Belajar dari Bapak Republik
“Barang siapa yang menghendaki kemerdekaan buat umum, maka ia harus sedia dan ikhlas untuk menderita kehilangan kemerdekaan diri sendiri” (Tan Malaka).
Itulah sepenggal kata yang terucap dari bapak republik Indonesia, Ibrahim Datuk Tan Malaka. Seorang pemuda yang lahir 2 Juni 1897 dari keluarga petani miskin di wilayah Sumatera Barat. Tan Malaka seorang anak yang cerdas, pemberani dan berjiwa pemimpin. Ia menghabiskan seluruh usia dalam pergerakan untuk Indonesia merdeka yang diimpikannya.
Tan Malaka merupakan the founding father yang berjasa memerdekakan Indonesia. Tetapi tak pernah sekalipun ia mencicipi rasa manis dari kekuasaan. Bahkan mengalami nasib tragis dengan ditembak mati pasukan Tentara Republik Indonesia di lereng Wilis tepatnya di Desa Selopanggung, Kabupaten Kediri pada 21 Februari 1949 karena kemelut ideologinya (Harry A. Poeze ).
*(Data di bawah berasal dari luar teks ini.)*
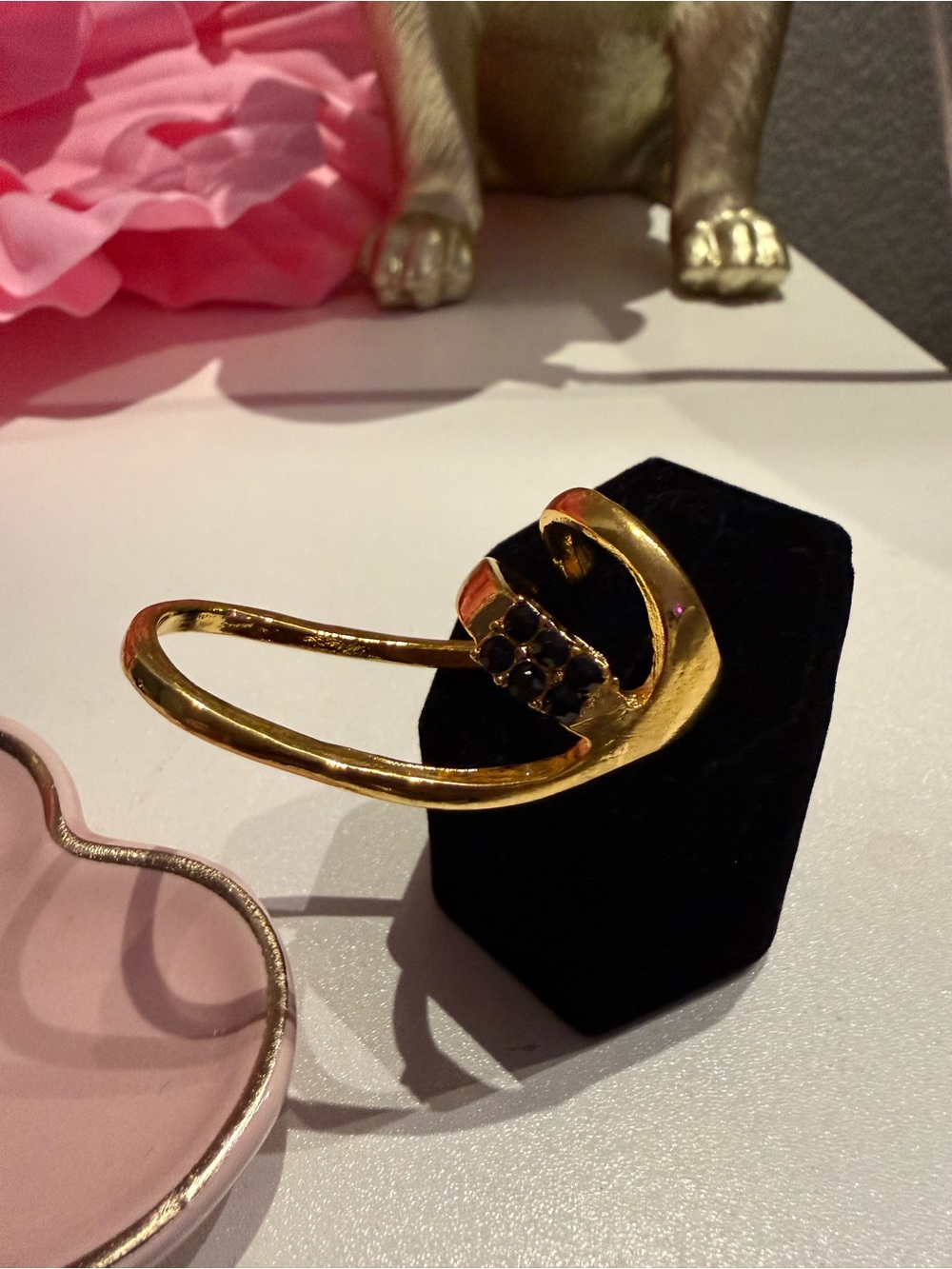 4 Unique Style Rings - Picture 3 of 10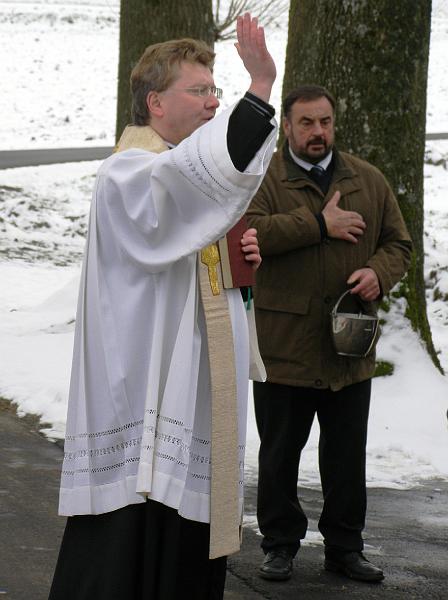 Segen_Kueh.JPG - Pfarrer Marek Baron erteilt den priesterlichen Segen.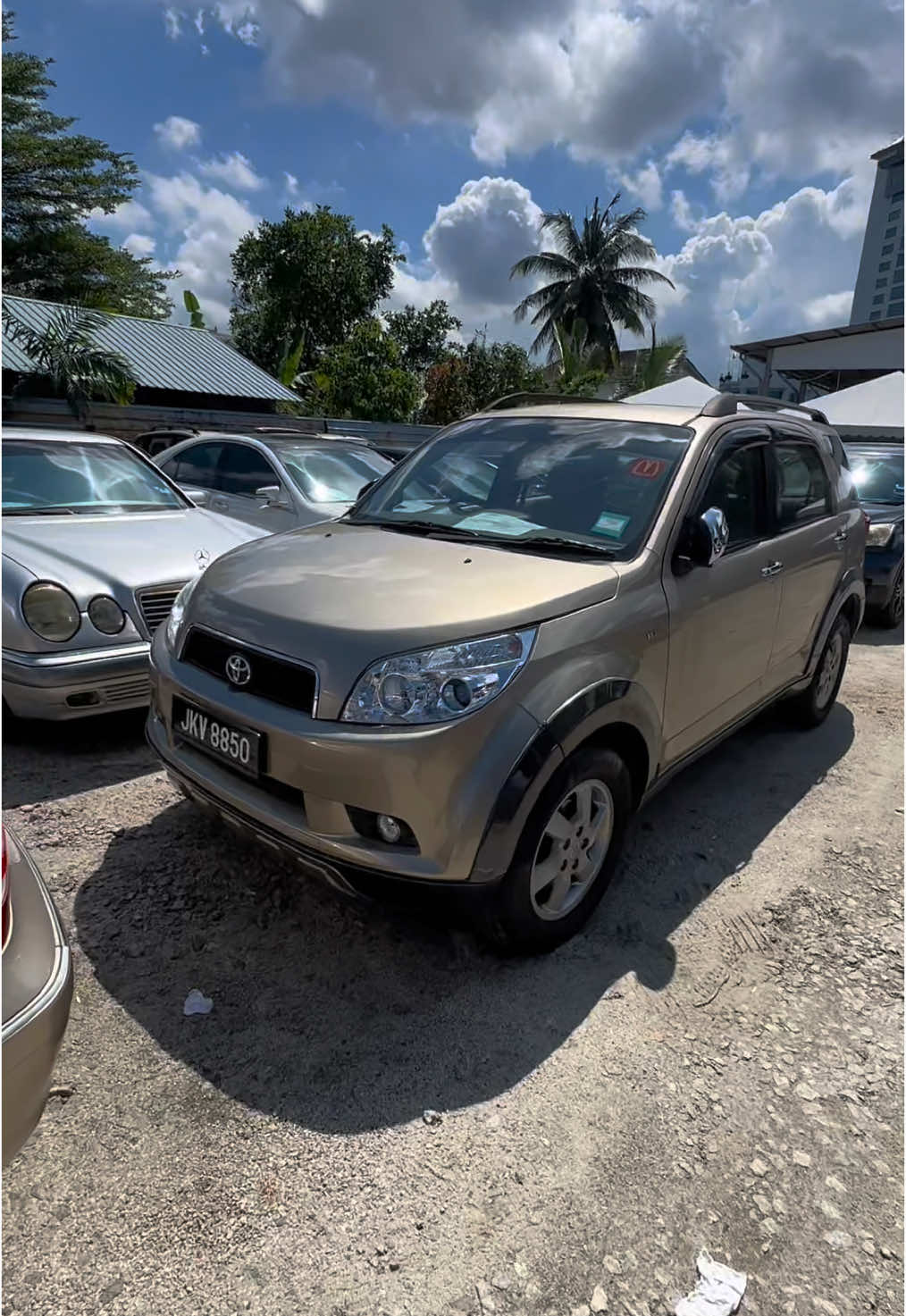 Toyota Rush comel tapi selesa utk family 👍🏼 berminat klik link kt profile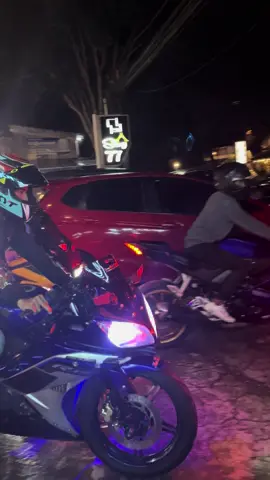 Yo yang mau gabung boleh dm dm aja guys#tasikmalaya #r15boystasikmalaya #fyp 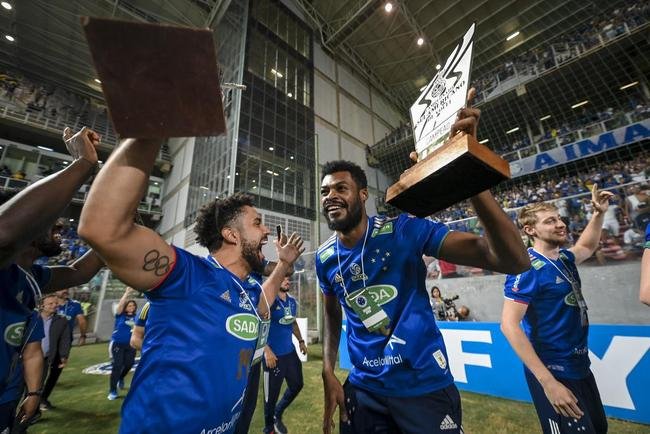 Time de vôlei do Cruzeiro festeja conquista da Superliga nas ruas e no estádio
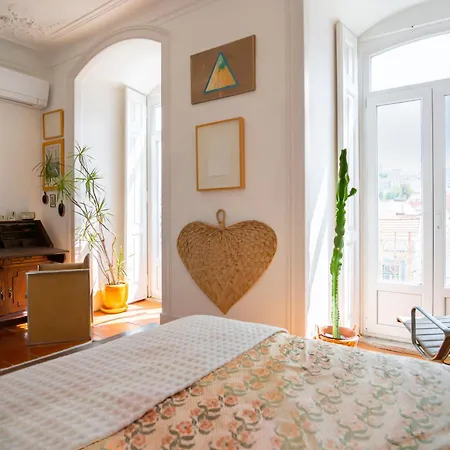 Life In Colour & Art - Charming 3bed Apartment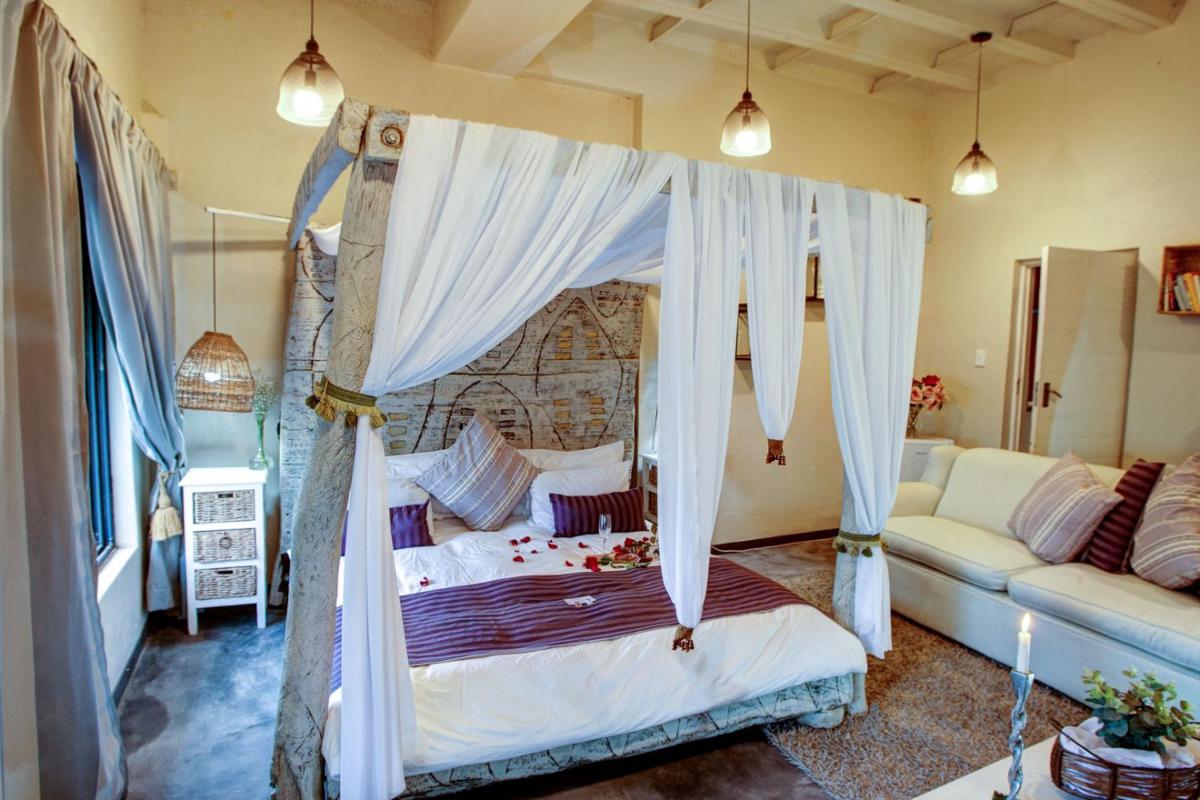 Bedrock Honeymoon Studio En-suite - Housity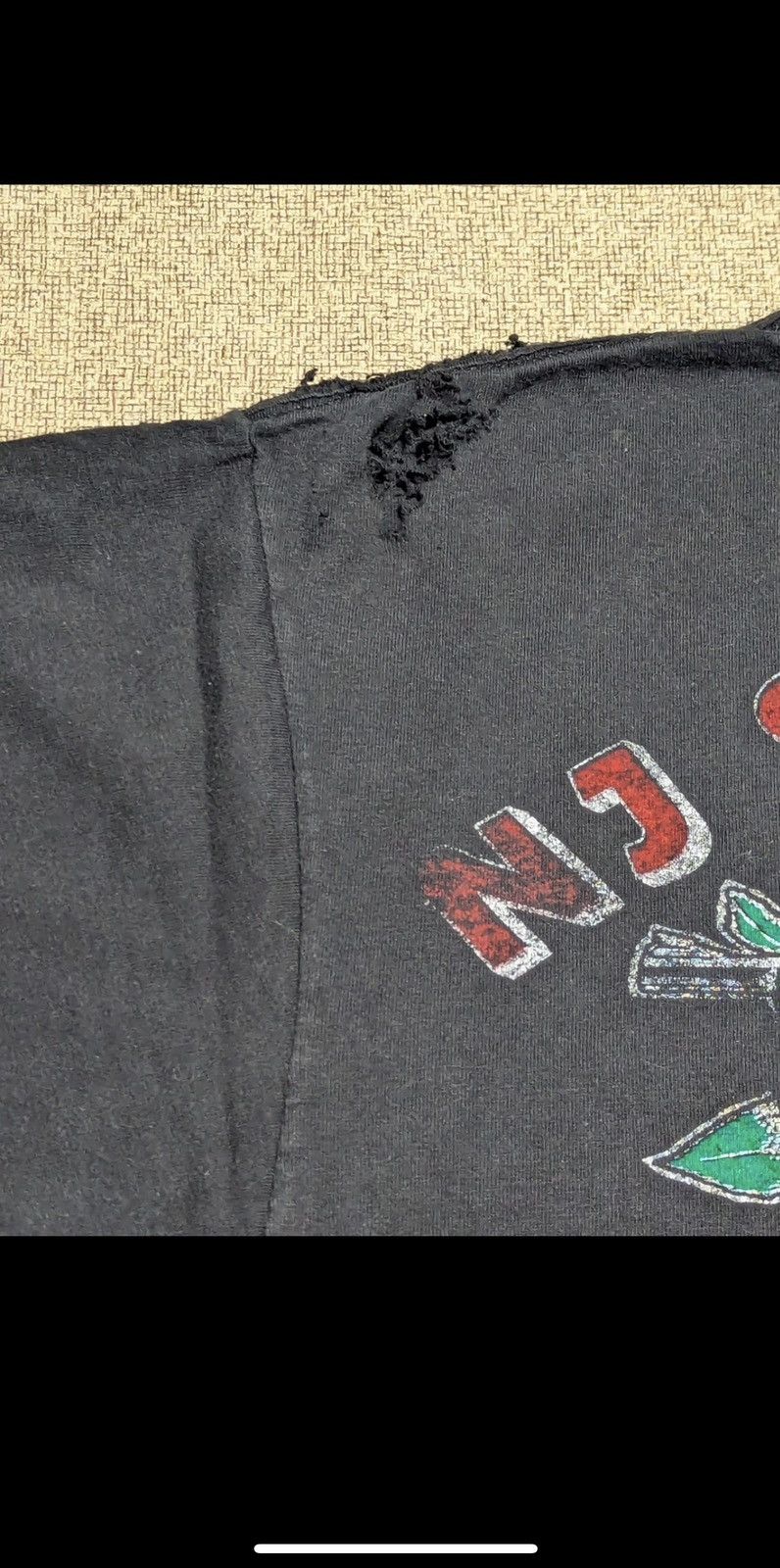 Vintage Vintage 1988 Guns N Roses Tour Tee L Single Stitch Size US L / EU 52-54 / 3 - 10 Thumbnail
Selama 20 tahun Tan Malaka hidup dalam persembunyian karena menjadi buronan badan inteligen Negara Sekutu. Ia mengelilingi dunia dengan memakai puluhan nama samaran karena takut identitasnya terbuka. Namun sungguh ironis, hidupnya tak hanya mati di tangan para kaum kolonialis, tetapi juga mati di tangan anak bangsa Indonesia yang telah ia perjuangkan kemerdekaannya. Maka benar ungkapan, Tan Malaka adalah bapak revolusi yang mati di tangan anak revolusi.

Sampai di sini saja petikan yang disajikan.